GEDCOM-X has a wider focus than GEDCOM, although the current draft specification is known to be incomplete in this area at the time of writing.

GEDCOM-X SourceDescription entity
Figure 3 - GEDCOM-X SourceDescription entity.

Although the SourceDescription relates to a unique source, there are sets of linkages to other sources related by derivation and by containment. It’s probably too early to see how this would work in practice, but the fact that ‘analysis documents’ are tied to individual SourceDescriptions would suggest that some collective analysis of derivatives would be difficult to organise. Also, the treatment of parts of a source (i.e. containment) by distinct SourceDescriptions would seem to compound the issues of collective analysis.

There is no specific support for layers; they cannot be handled by those derivation links since, as I’ve already mentioned, layers are not just other sources. Each SourceDescription may have multiple citations supporting different languages but there is no explicit consideration of alternative citation modes (e.g. first/subsequent), or styles (e.g. MLA). The SourceCitation entity is not hierarchical, and there are currently no citation-elements in either SourceCitation or SourceDescription.

The SourceReference appears to be provided solely to allow the attribution information of a SourceDescription to be overridden.

Relevance to the Reader

While software developers may understand what I’ve written here, I know there will be a significant number of other people thinking ‘I don’t get it. My software already handles sources’. There’s probably a good reason for this and I want to mention it in rounding-off this article.

A scenario that those same people might be able to associate more-closely with would be when adding a marriage date to their tree. They might have found a record with the date and place recorded so they add it to their tree and then include a citation for the record — or an electronic bookmark if found in the online databases of the tree’s host. Where does my “organisation of entities related to both sources and citations” fit into that? Well, in that scenario, it has little relevance. As my second paragraph suggested, most software only thinks about sources and citations as they appear in this limited type of scenario. But if we’re doing source-based genealogy then that organisation is a fundamental requirement.

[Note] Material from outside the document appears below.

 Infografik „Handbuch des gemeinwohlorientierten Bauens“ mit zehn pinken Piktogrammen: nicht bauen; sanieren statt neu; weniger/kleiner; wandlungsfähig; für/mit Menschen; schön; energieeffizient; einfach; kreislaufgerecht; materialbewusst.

Tradition genealogists — and good researchers everywhere — would look at more than the one date and place mentioned in such a source; they would look at other information, and the associated context of that information. If anything caught their eye as potentially significant, or requiring further research, then they would note it. That may happen in their heads (yikes!), or be written with pencil & paper, or captured on their computer using a text editor (e.g. Notepad) or some rich-media editor (e.g. Evernote). That note-taking is essentially what I mean by “assimilation” of the source information, and my approach to source-based genealogy is just including the note-taking and the initial analysis into my main genealogy program. There’s no onus on me to draw conclusions, or to attach any of it to a tree; it is a working area where sources can be dissected, and information partially digested so that I can find it and use it later.

I personally find this very natural since my career has hitherto involved developing and using cutting-edge software , but I also appreciate that the majority would not feel as comfortable relying on software to this extent — especially when most of it appears to be form-fill data entry of conclusions, and any basic methodology or representation of real-life scenarios are denied.

[i] Luther Tychonievich, "Desirable Citation Properties", FHISO Call For Papers, CFPS 112 ( : accessed 15 Dec 2015); this paper was not listed on the main 'papers received' page ( but was referenced from other papers.